RAW DATA

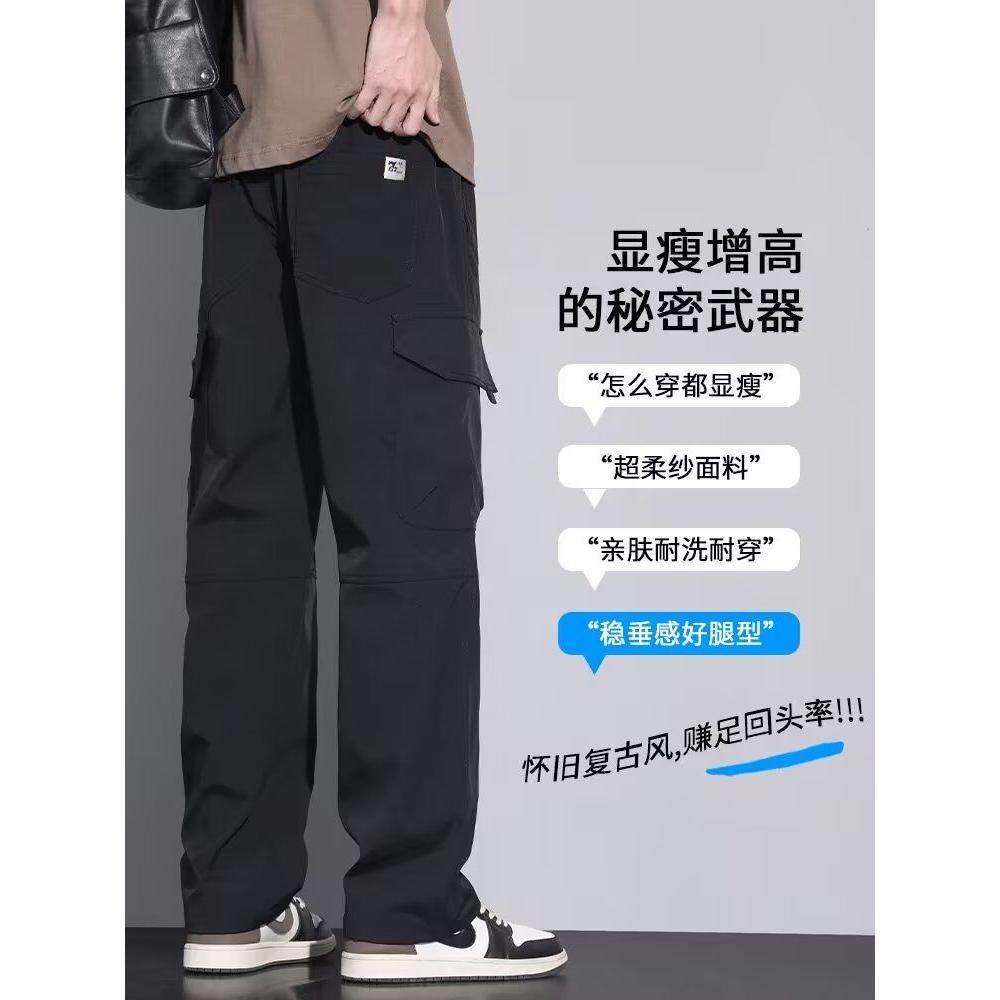 1506A/G90110/P40美式复古高街工装裤男直筒阔腿休闲裤3图片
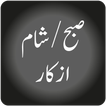 subh sham hifazt duain offline ikon
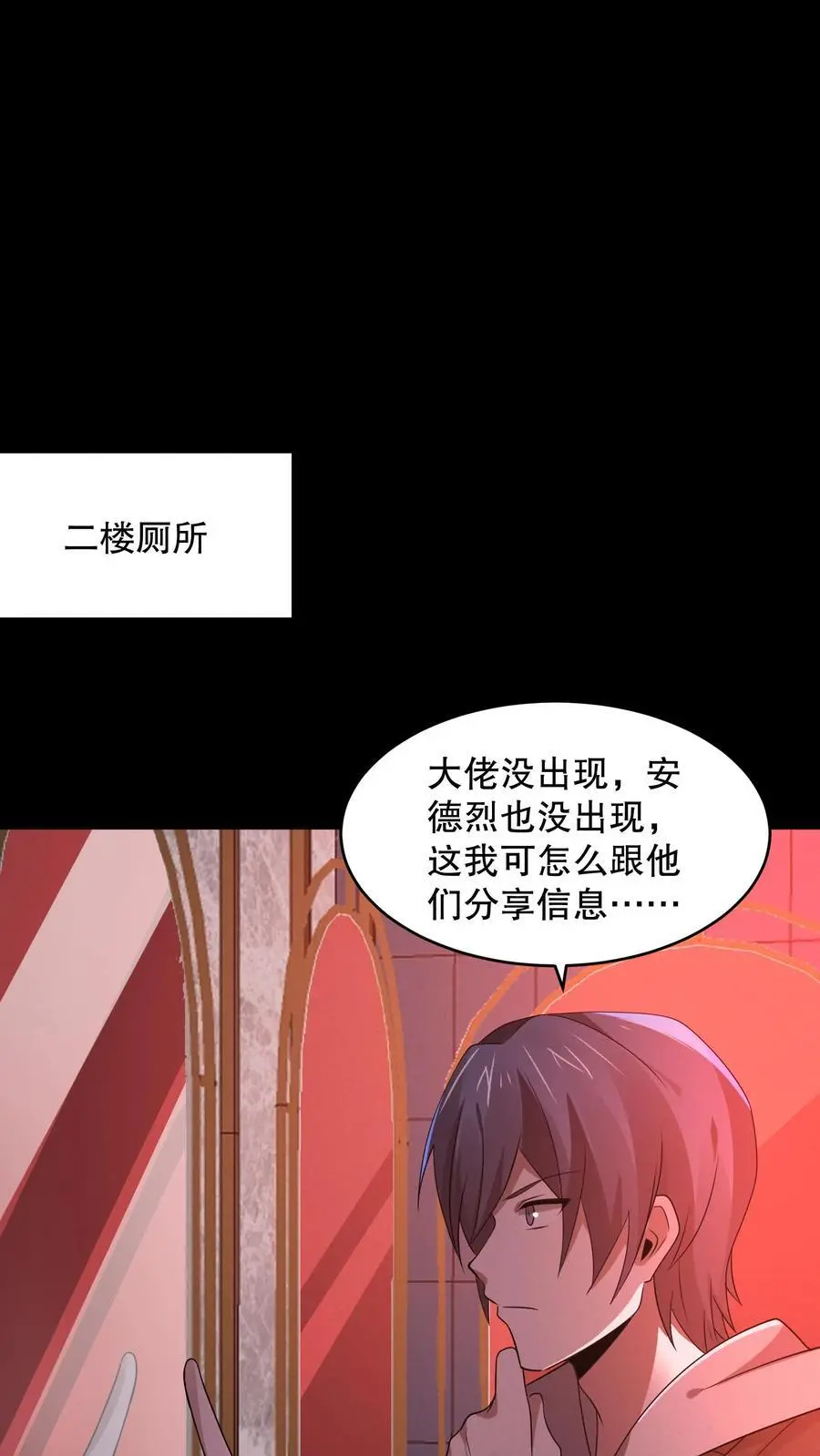 第116话 来自家人的牵绊19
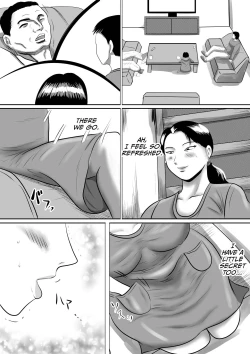 Page 6 of Wakare no Kisetsu Bokutachi no Okaasan wo Koukan Shite no Doutei Sotsugyou Shiki!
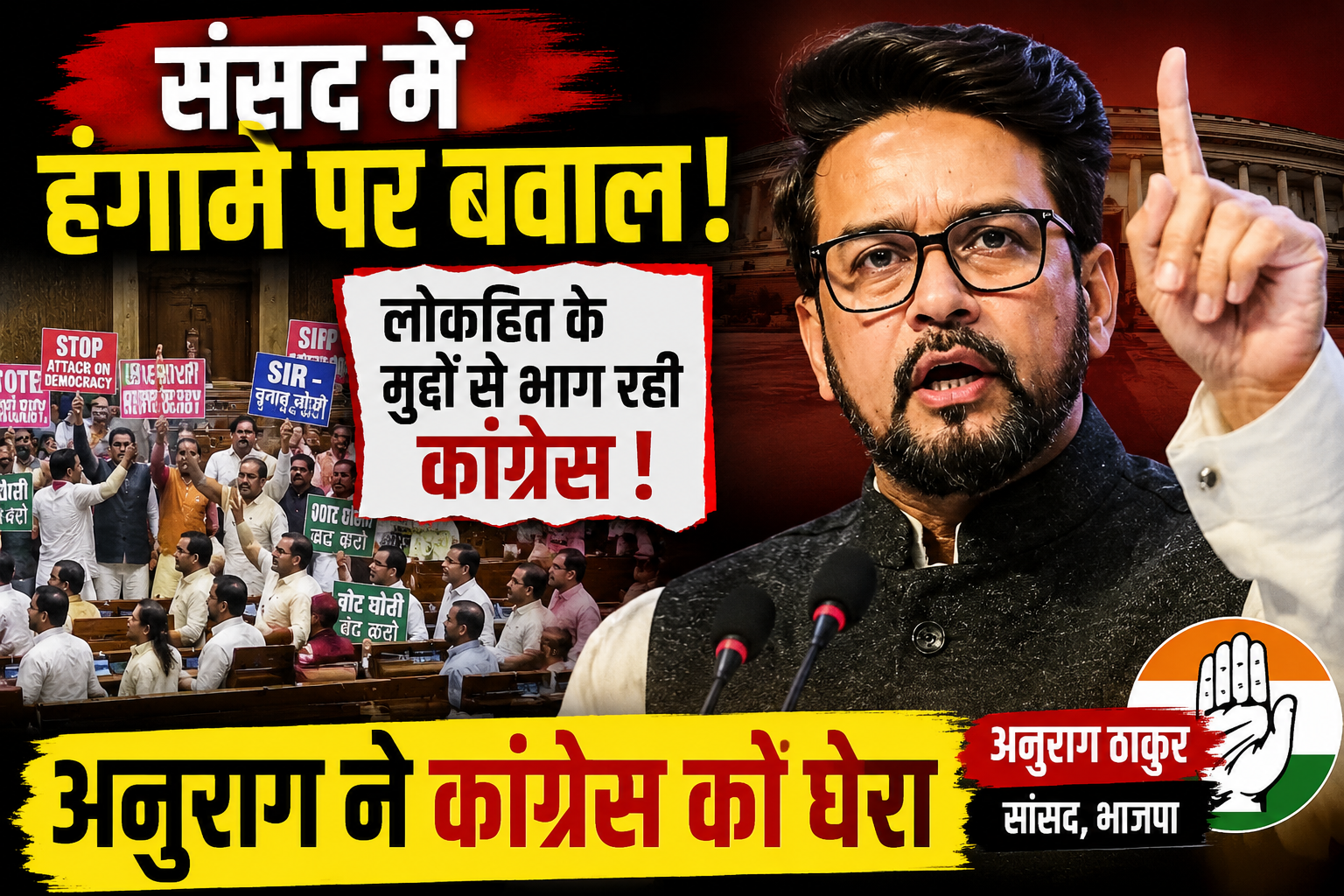 लोकहित के मुद्दों से भाग रही कांग्रेस, संसद का समय नारेबाज़ी में कर रही बर्बाद : अनुराग ठाकुर
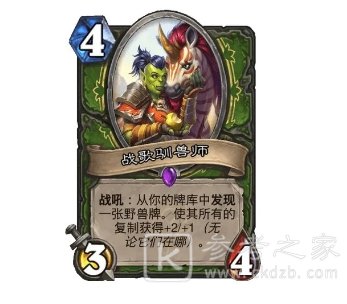 炉石传说贫瘠之地T7猎卡组怎么搭配？贫瘠之地T7猎卡组搭配推荐图片7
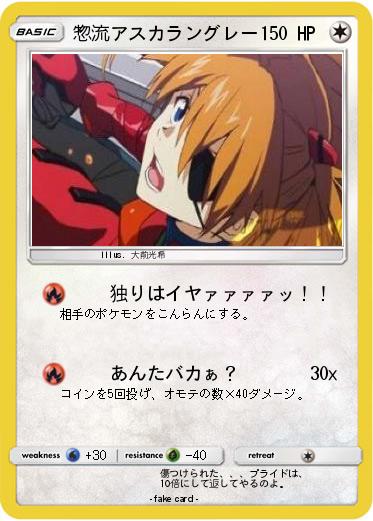 Pokemon 惣流アスカラングレー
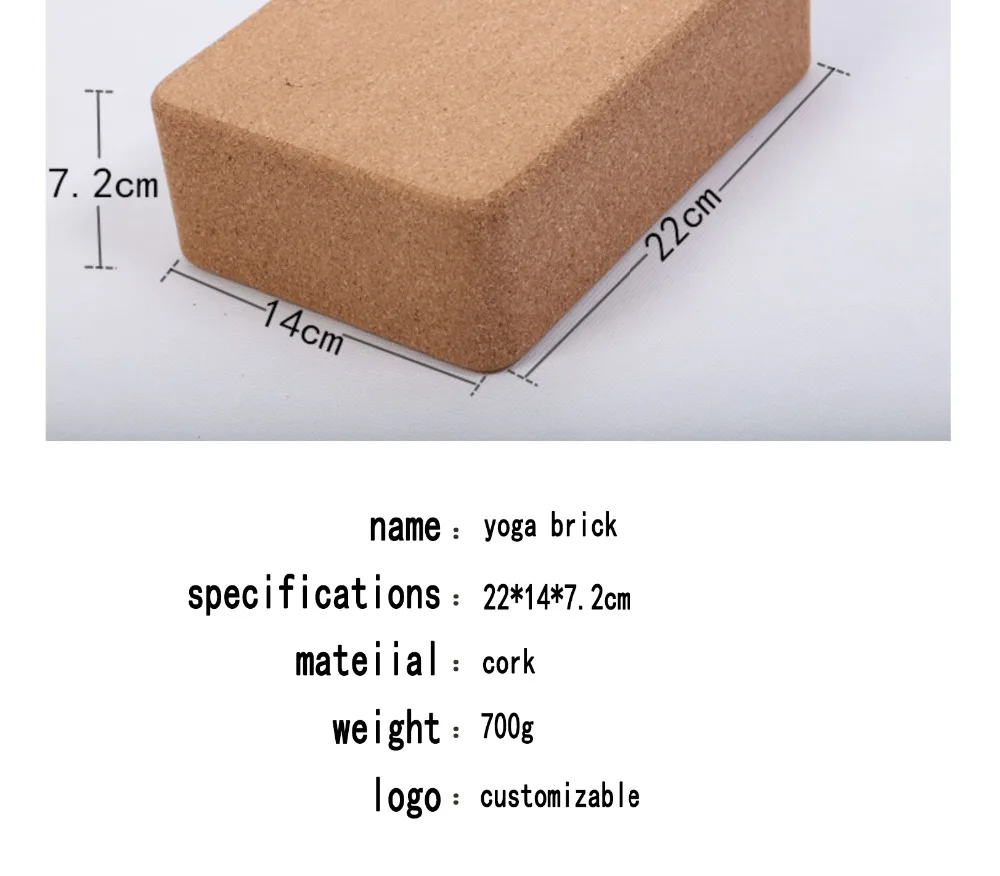 

China Manufacturer High Quality Organic Yoga Brick, Natural Cork Yoga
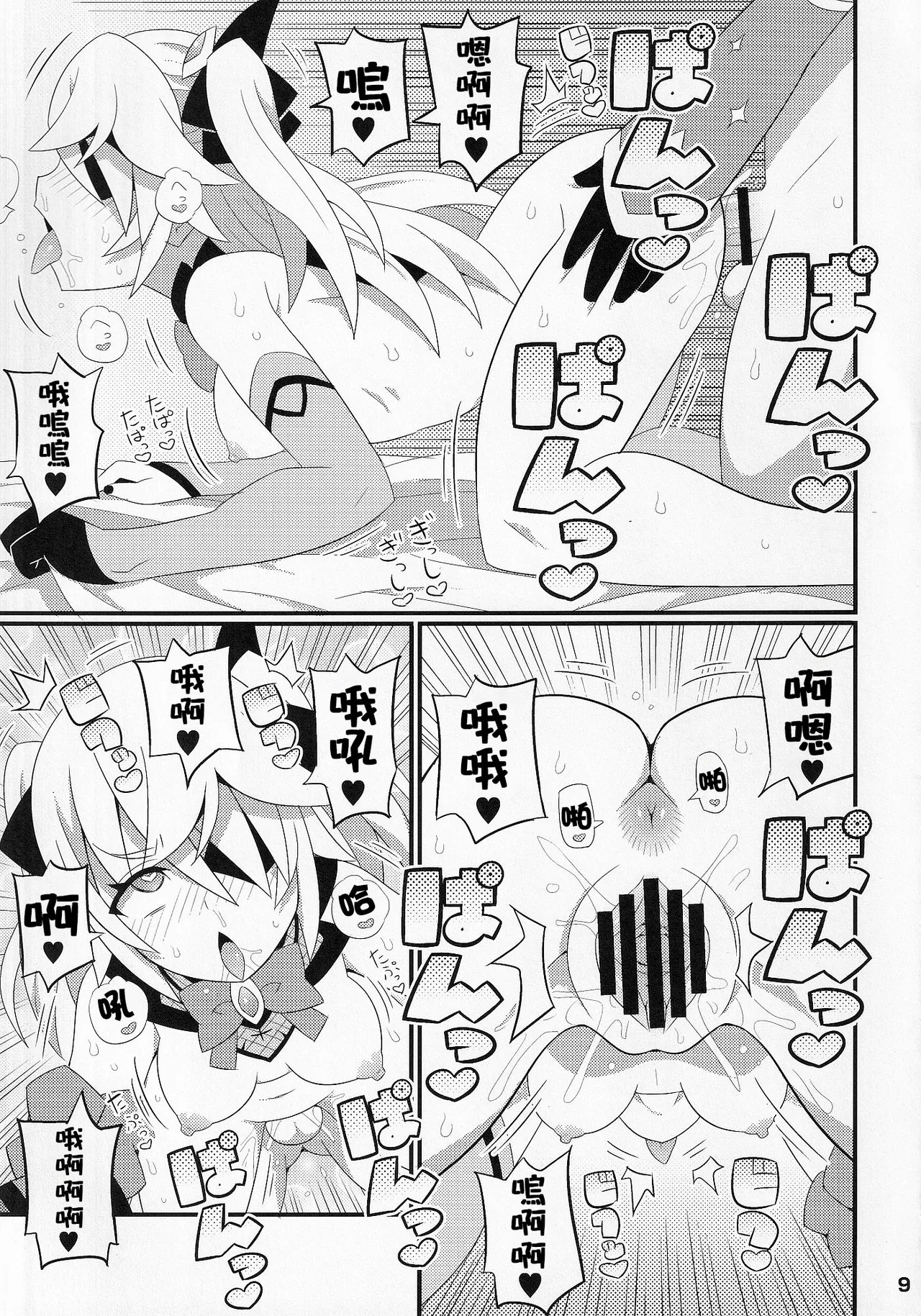 Emi-chan o Aherasemakuru Hon | 將小艾咪變成暴爽阿嘿顏的本 page 10 full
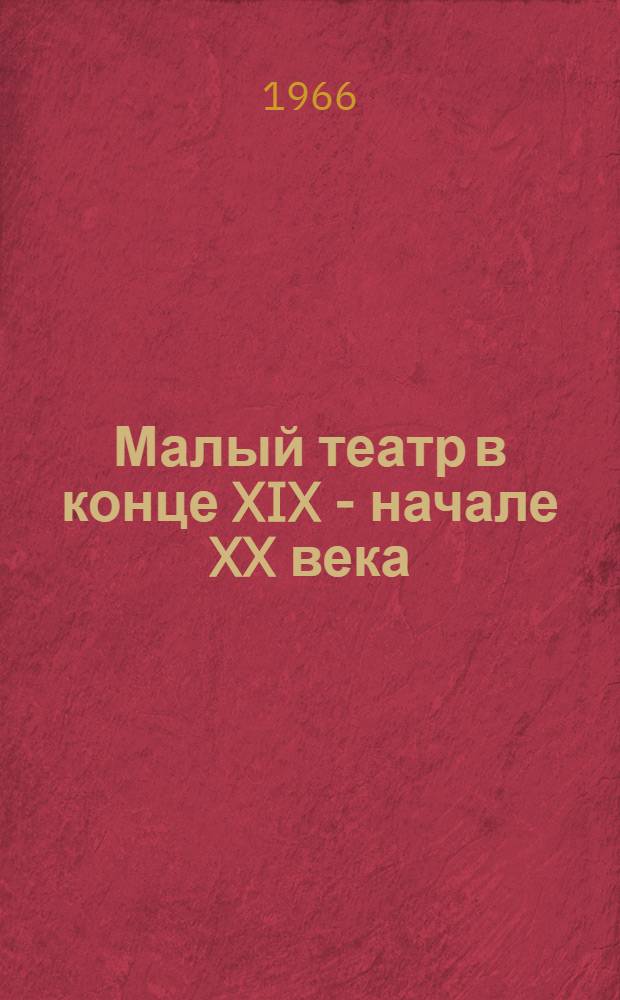 Малый театр в конце XIX - начале XX века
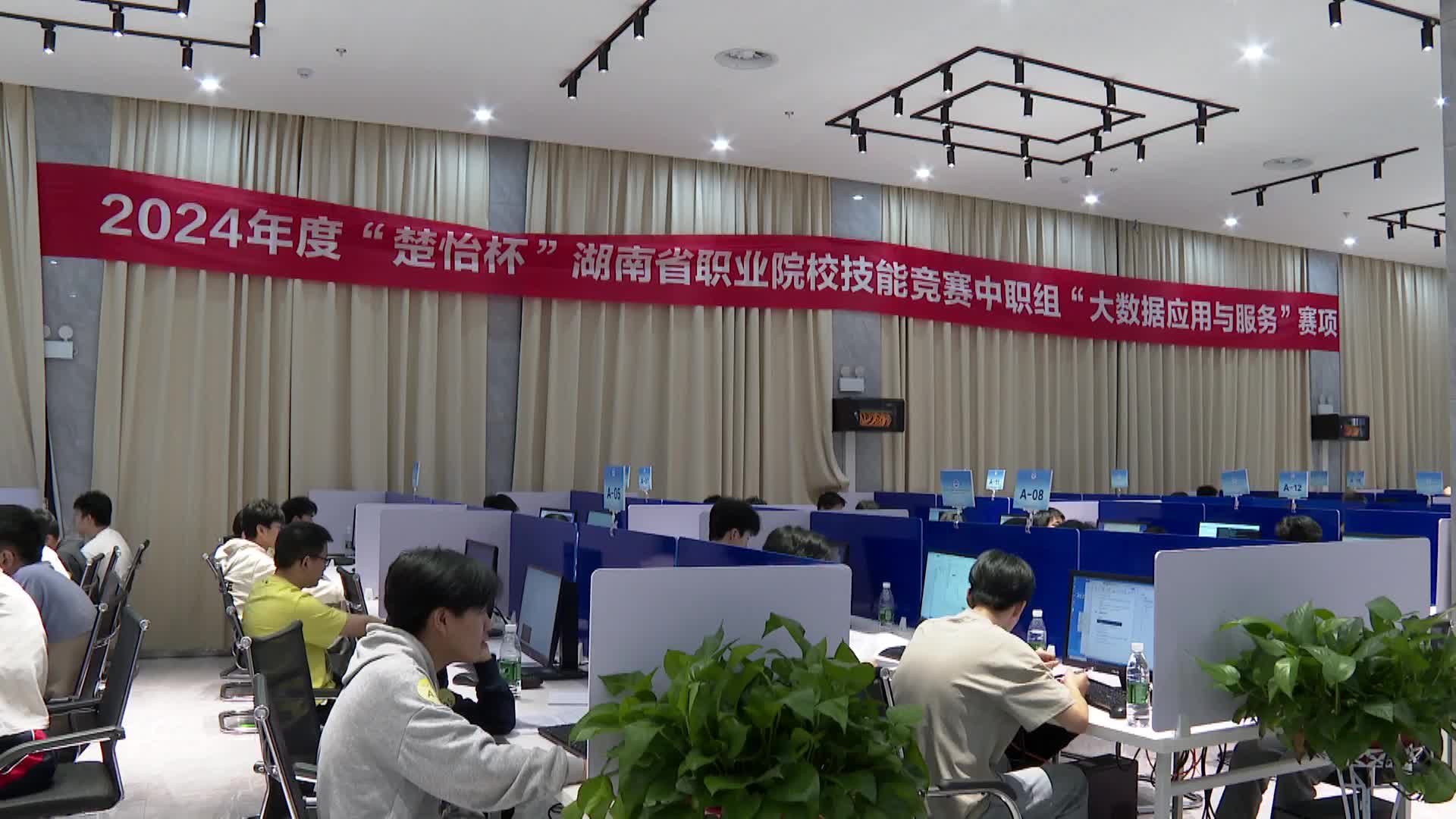 全省中职生比拼大数据应用与服务技能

YOUR GOAL
Restate word for word the lines running from the first line of the material to the line containing "China Manufacturer High", inclusive, and drop every picture.

OUTPUT FOR THIS TASK
 1506A/G90110/P40美式复古高街工装裤男直筒阔腿休闲裤3图片
 subh sham hifazt duain offline ikon
 第116话 来自家人的牵绊19
 Page 6 of Wakare no Kisetsu Bokutachi no Okaasan wo Koukan Shite no Doutei Sotsugyou Shiki!
 लोकहित के मुद्दों से भाग रही कांग्रेस, संसद का समय नारेबाज़ी में कर रही बर्बाद : अनुराग ठाकुर
 炉石传说贫瘠之地T7猎卡组怎么搭配？贫瘠之地T7猎卡组搭配推荐图片7
 Pokemon 惣流アスカラングレー

China Manufacturer High Quality Organic Yoga Brick, Natural Cork Yoga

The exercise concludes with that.